Stovetop Mac and Cheese
(from castro15’s recipe box)
Peas+Lemon Zest+Fontina+Basil
Dijon+Cheddar+Salami
Broccoli Rabe+Pesto+Gruyere+Breadcrumbs
Roasted Garlic+Goat Cheese+Hazelnuts
Butternut squash+Rosemary+Gouda+Chives
Categories: Pasta
Ingredients
- Vegetables:
- 4 cups chopped dark leafy greens
- 2 cups diced beets, broccoli, carrots, cauliflower, winter squash
- 2 cups peas, fresh or frozen
- 8 oz. elbow noodles
- 3 tbsp. all-purpose flour
- 1 tbsp. Flavor boost
- 1/2 tsp salt and pepper
- 1/4 cup milk
- Flavor Boost:
- Mashed roasted garlic
- Dried herbs, such as rosemary
- Lemon zest
- Dijon
- Pesto
- Harissa
- Tomato paste
- minced capers
- Sauce:
- 1 1/2 cups milk
- 1 1/3 cups shredded or crumbled Cheese
- 2 oz. cream cheese
- 2 tsp white wine vinegar
- Cheese:
- Crumbled goat cheese
- Shredded cheddar, fontina, Gouda or Gruyere
- 1/4 cup Topper
- Topper:
- Diced salami
- Chopped fresh herbs
- Toasted breadcrumbs or nuts
Directions
-
Cook veggies and noodles as directed in a large saucepan of boiling water. Drain
-
Whisk flour, Flavor Boost and salt and pepper with milk.
-
Heat milk in the saucepan over medium-high heat until just simmering.
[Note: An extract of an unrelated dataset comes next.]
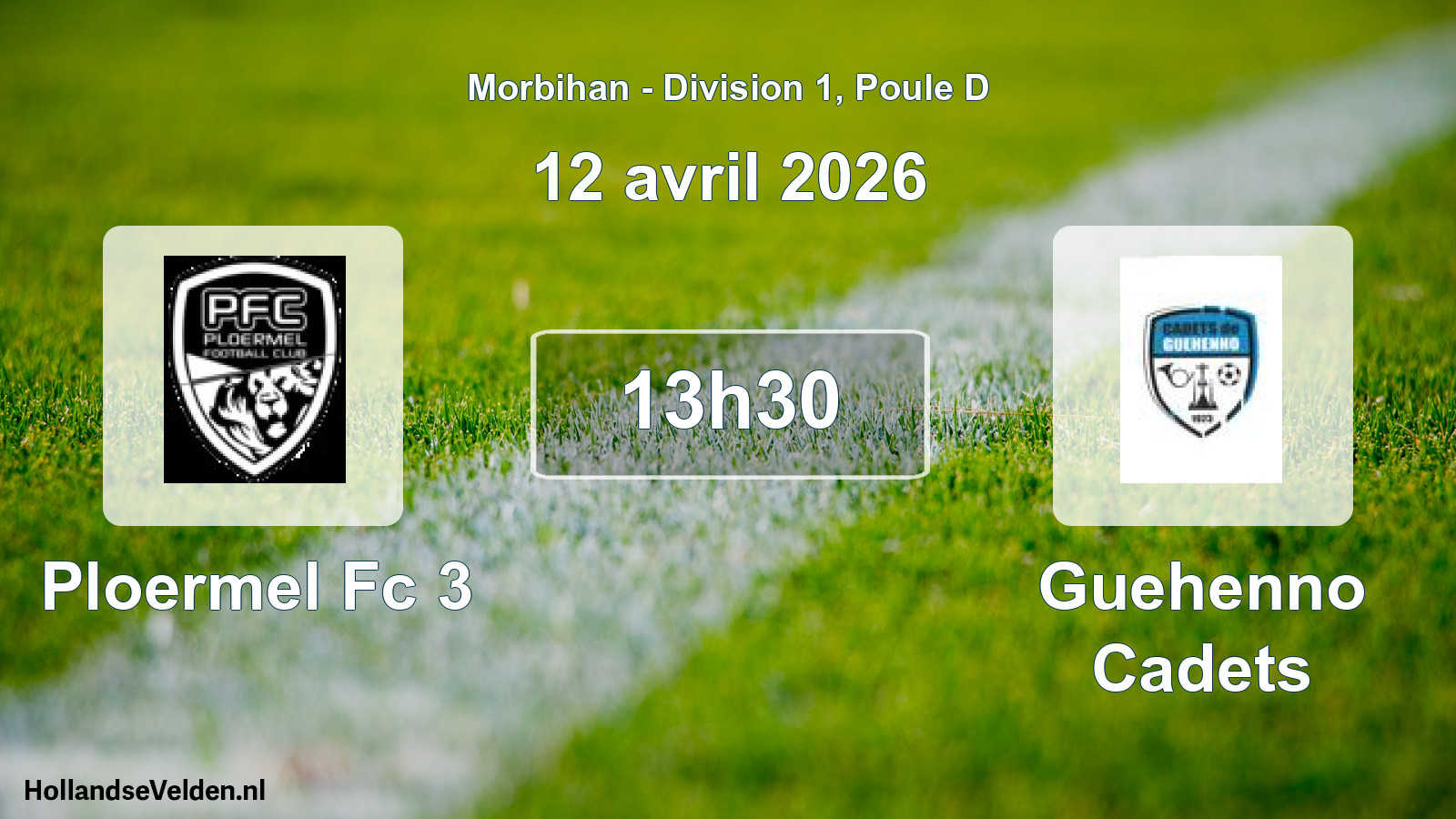 Geplande wedstrijd: Ploermel Fc 3 - Guehenno Cadets (12 avril 2026)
Add the flour mixture and reduce heat to medium-low. Cook, whisking constantly, until thickened, 1-2 minutes. Remove from heat and whisk in Cheese, cream cheese and vinegar until the cream cheese is melted. Stir the pasta and veggies into the sauce.
-
Sprinkle with Topper for a final finish.